3 DA (IN)CONSTITUCIONALIDADE DO ART. 1.790 DO CÓDIGO CIVIL

Para que se chegue ao cerne da questão é necessária uma reflexão sobre o artigo 226, §3º, da Constituição Federal.

Para iniciar o tópico, faz-se necessário externar as duas posições chaves acerca da (in) constitucionalidade do artigo 1.790 do Código Civil.

Parte significativa da jurisprudência e doutrina afirma não haver qualquer inconstitucionalidade no mencionado dispositivo. Fundamentam que, inobstante haver proteção constitucional da união estável, esta não se iguala ao casamento.

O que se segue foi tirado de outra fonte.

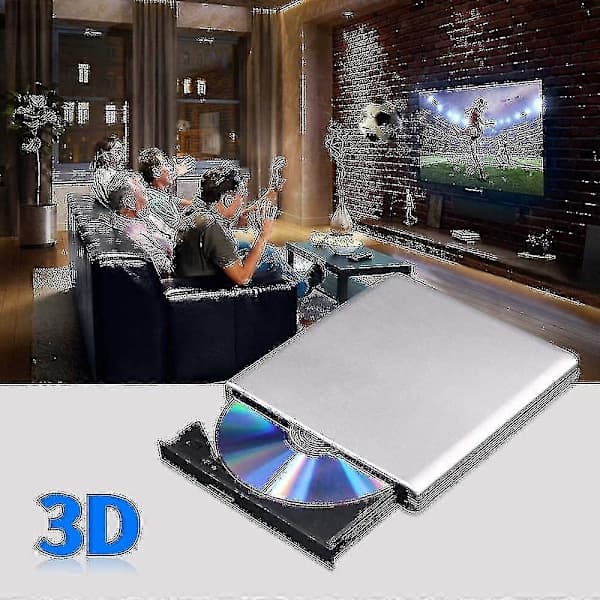 Eksternt Blu Ray DVD-drev 3D, USB 3.0 og Type-C Blu-ray CD DVD-læser Slankt Optisk Bærbart Blu-ray Drev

Por se tratar de institutos diversos, também o pode ser em relação aos efeitos sucessórios deles decorrentes  (Agravo de Instrumento Nº 70055701619, Sétima Câmara Cível, Tribunal de Justiça do RS, Relator: Sérgio Fernando de Vasconcellos Chaves, Julgado em 18/09/2013).

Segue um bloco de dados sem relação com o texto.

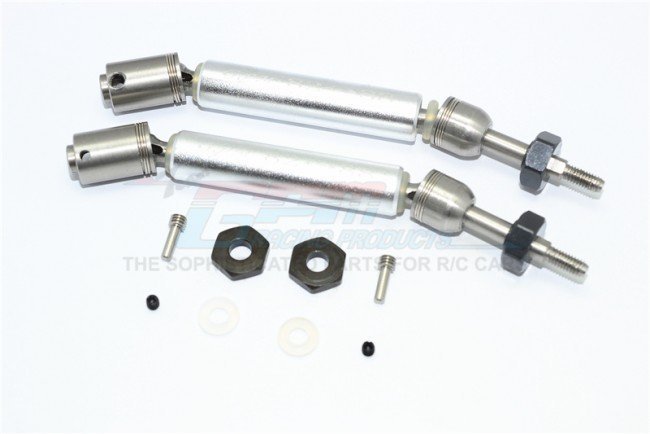 TRAXXAS Slash 4x4 Stainless Steel 304+Aluminum Rear CVD Drive Shaft With Steel Wheel Hex - 10pc set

Outros juristas defendem a equiparação entre as entidades familiares do casamento e união estável. Para esta corrente, qualquer diferenciação no tratamento dispensado deverá ser considerada inconstitucional por afronta direta ao artigo 226 da Constituição Federal, como ocorre no artigo 1.790 do CC/02. Assim posicionam-se Fábio Ulhoa Rodrigues (2006, p.272), Maria Berenice Dias (2005, p. 163), Giselda Maria Fernandes Novaes Hironaka (2010), Zeno Veloso (2008, p. 1955), dentre outros.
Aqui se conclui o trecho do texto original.